OBLIQUAE IMAGINES
La espressione è stata usata da Plinio due volte (Nat. hist., xxxv, 56; 90) e con significato apparentemente diverso.
Nel primo caso Plinio cerca di render latino il termine katàgraphon, che in greco vale "la proiezione sul piano" di un qualsiasi corpo dato, plastico o geografico, parallelo alla vista o "scorciato"; nel secondo caso si vuol soltanto definire il semplice ripiego disegnativo di mostrare la faccia di Antigono - cieco da un occhio - "obliqua" in modo che si veda solo la metà del viso coll'occhio buono.
Storicamente i due termini di katàgraphon e di obliquus hanno le loro radici nella legge universale della "miglior visione", la quale, per definizione, prescinde dalla procedura e dalla mentalità dello scorcio. Ad un certo momento della sua esperienza l'artefice constata a poco a poco che gli oggetti e i corpi non diminuiscono la loro consistenza e il loro volume, anche quando sian disegnati secondo visioni ridotte, cioè di fianco, di sotto, di sopra: le braccia e le gambe mantengono la loro naturale lunghezza all'occhio umano, anche se disegnate raccorciate o piegate; basta che al contorno lineare delle figure si accompagni un facile ed automatico accorgimento chiaroscurale di tratteggio ai margini (già documentato in epoca minoica).

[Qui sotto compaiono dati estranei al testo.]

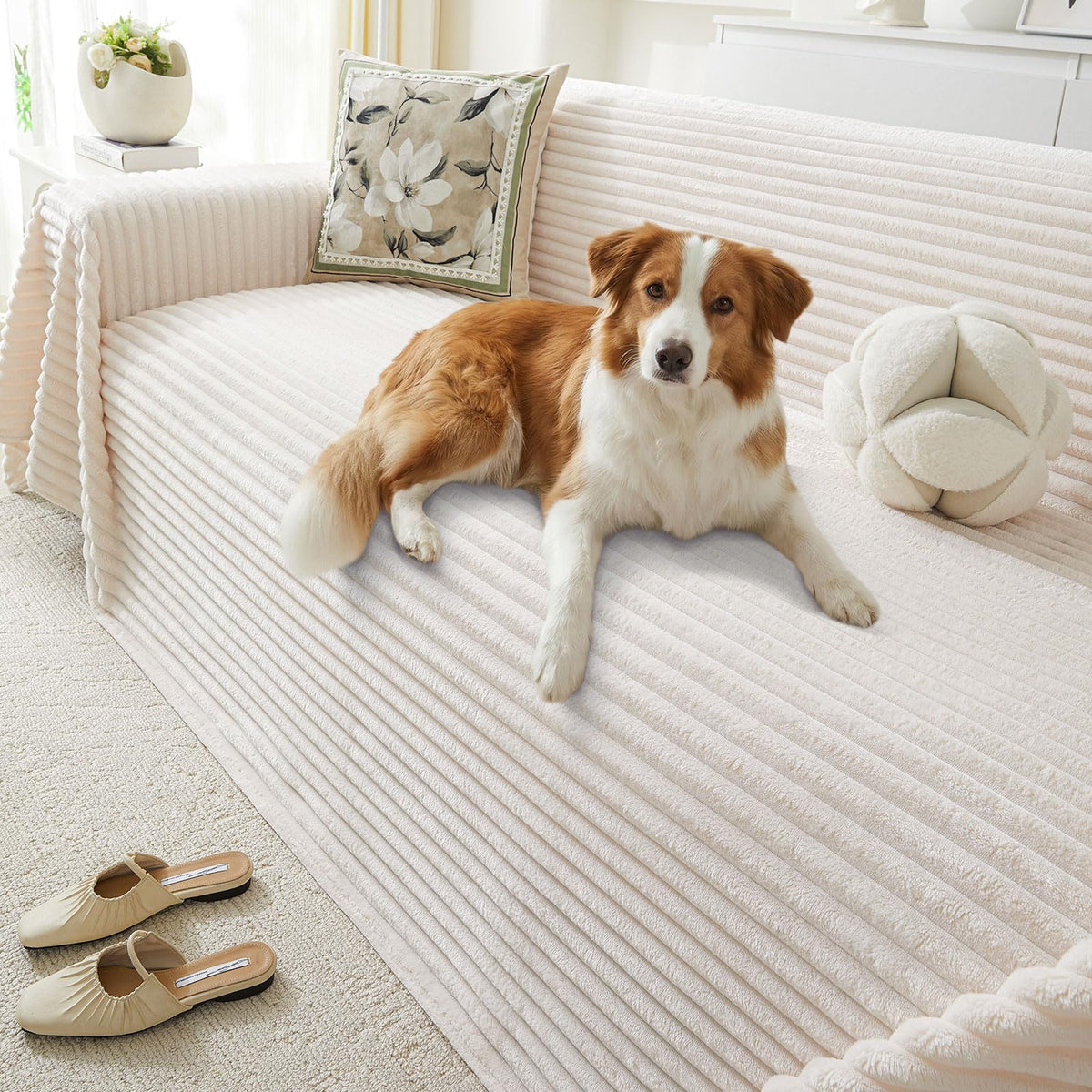 Pet-Friendly Non-Slip SofaCover,71"*118" Off White,Washable Stain Resistant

Soltanto, è da notare che il termine katàgraphon comprende ambedue le accezioni disegnative dell'oggetto, quella della miglior visione e quella comunque raccorciata (il termine infatti è usato per tutti i fenomeni disegnativi connessi con Kimon); invece il vocabolo latino ignora questa latitudine semantica e si riferisce soltanto a visioni laterali e quindi allo scorcio.
Bibl.: S. Ferri, Plinio il Vecchio, Roma 1946, ad loc.